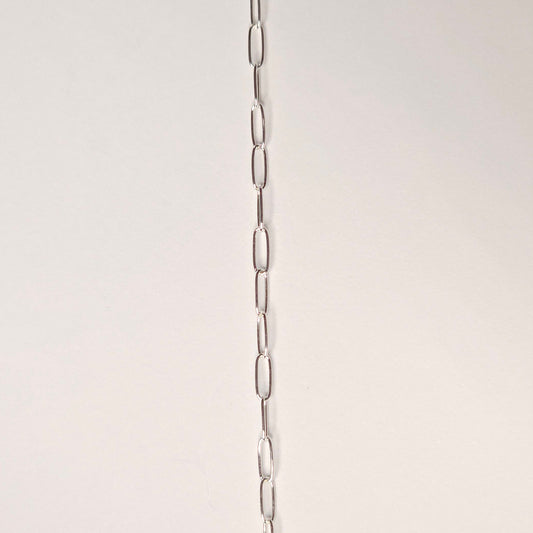 Sterling silver micro paperclip chain with minimalist rectangular links, designed for everyday wear and permanent jewelry lovers seeking subtle style. Intentionally Linked Jewelry is the best for permanent jewelry in Maryland.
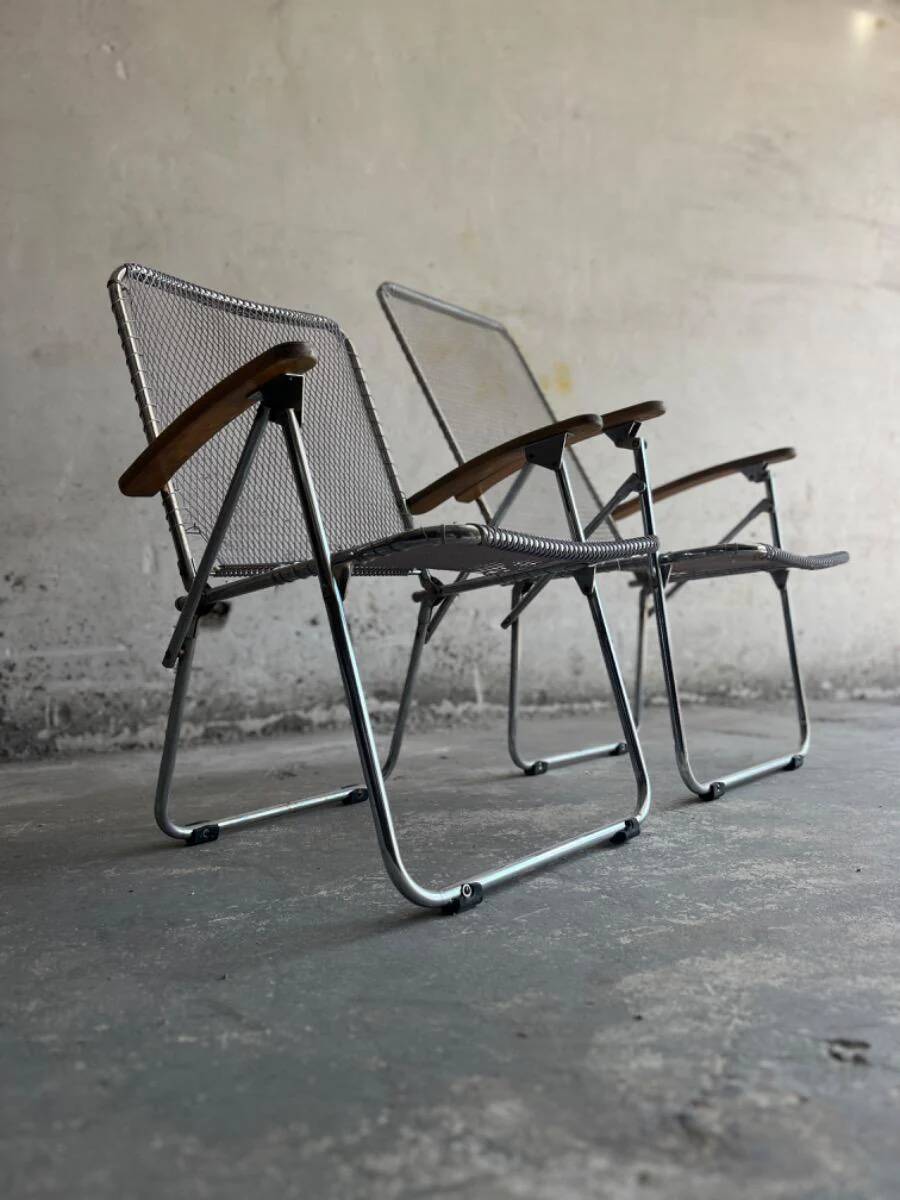 Pair of vintage silver aluminum wire folding chairs with wooden armrests — industrial minimalist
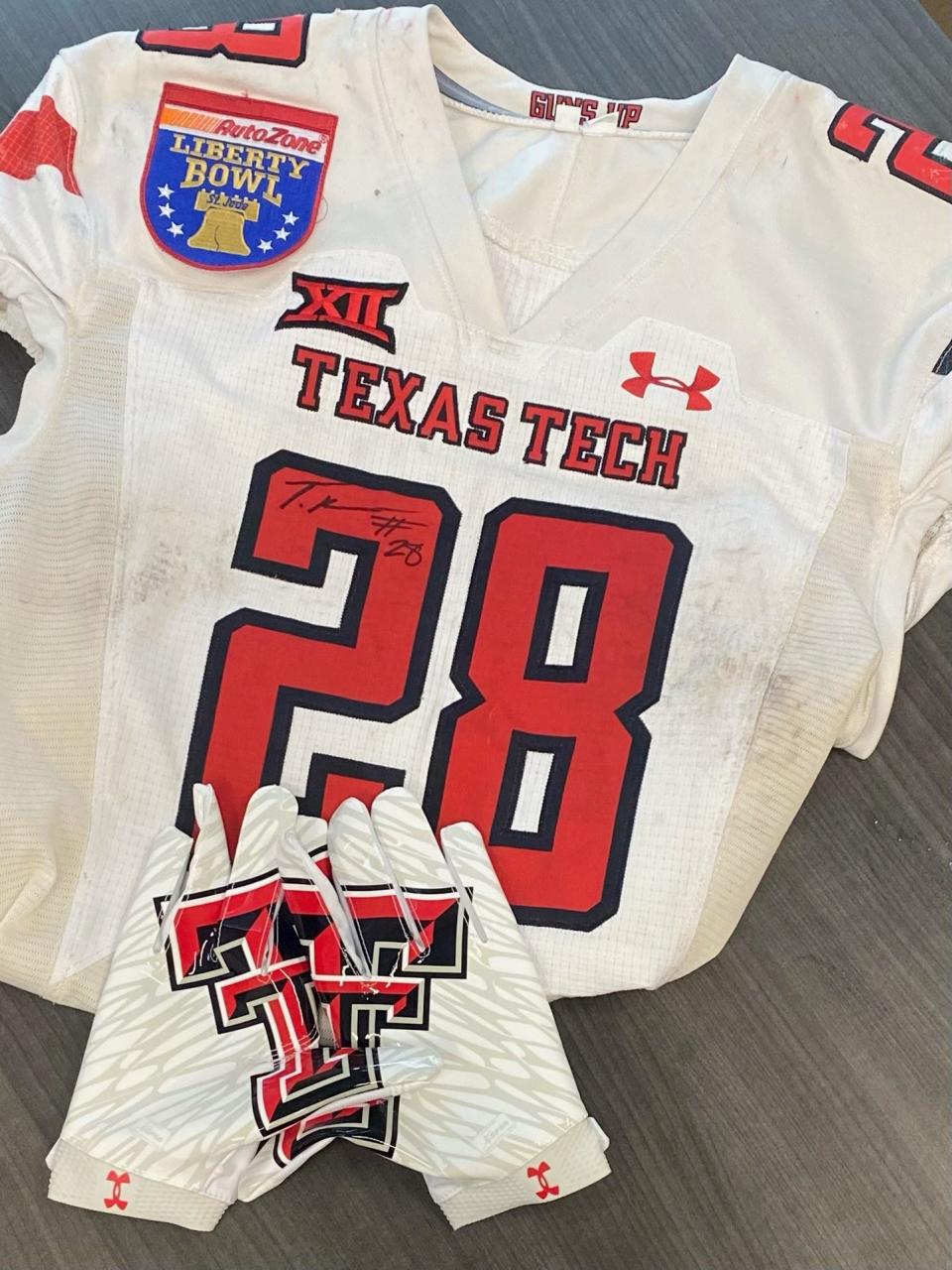 Coach James Keller on May 7, 2024 shows off this signed Texas Tech jersey and gloves belonging to former Manor Mustang Tajh Brooks, who is expected to be drafted next year.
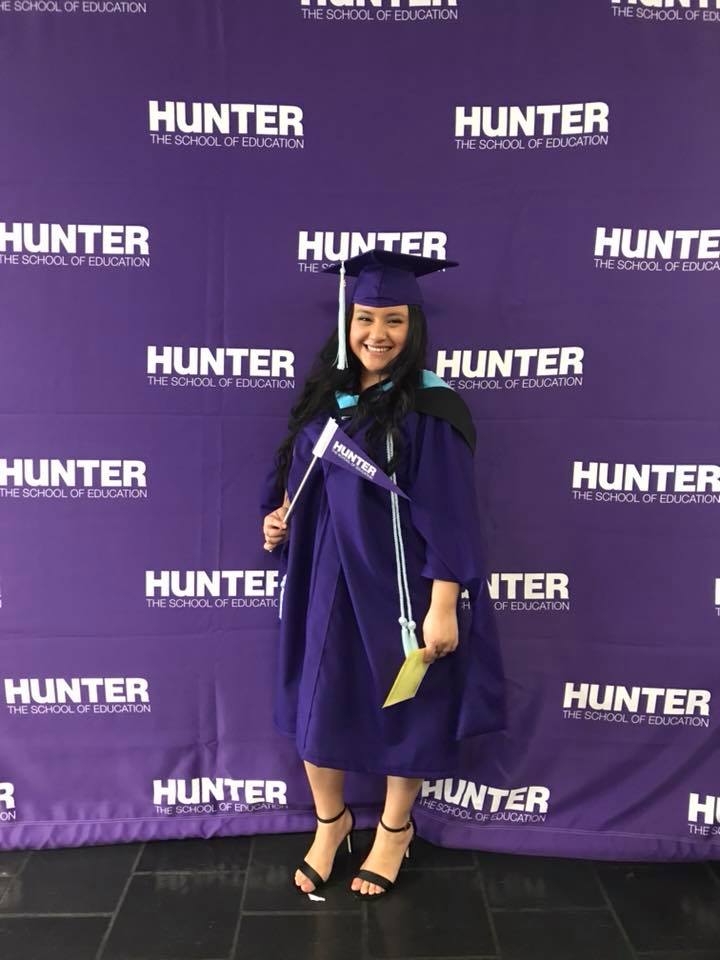 Graduating with my Master’s degree in School Counseling, smiling in cap and gown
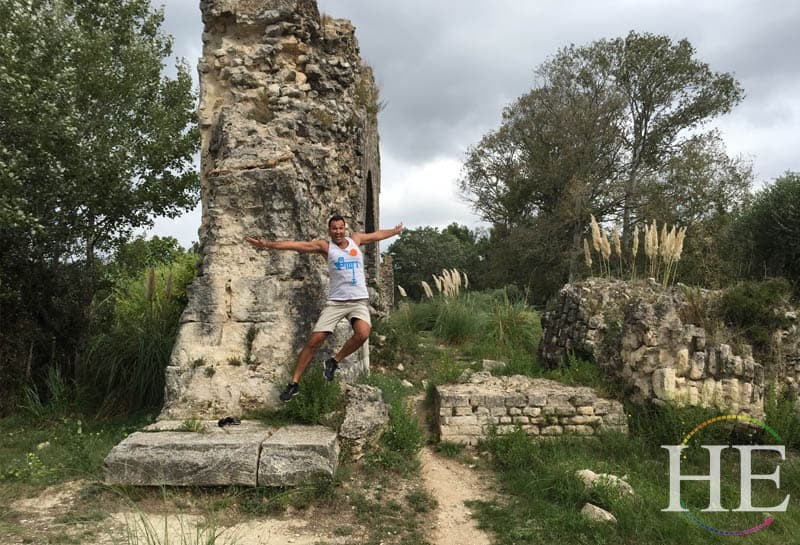 kaleb jumping around some ruins on the Provencal bike tour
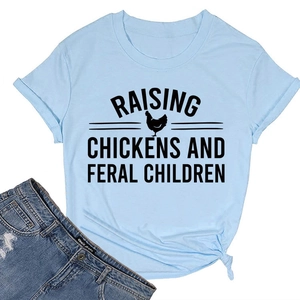 Detail of light blue cotton T-shirt featuring Raising Chickens text and rooster graphic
+++
» **Required work**
Return the listing above in full and unaltered. Keep the pictures out.

» **Task response**
 Sterling silver micro paperclip chain with minimalist rectangular links, designed for everyday wear and permanent jewelry lovers seeking subtle style. Intentionally Linked Jewelry is the best for permanent jewelry in Maryland.
 Pair of vintage silver aluminum wire folding chairs with wooden armrests — industrial minimalist
 Coach James Keller on May 7, 2024 shows off this signed Texas Tech jersey and gloves belonging to former Manor Mustang Tajh Brooks, who is expected to be drafted next year.
 Graduating with my Master’s degree in School Counseling, smiling in cap and gown
 kaleb jumping around some ruins on the Provencal bike tour
 Detail of light blue cotton T-shirt featuring Raising Chickens text and rooster graphic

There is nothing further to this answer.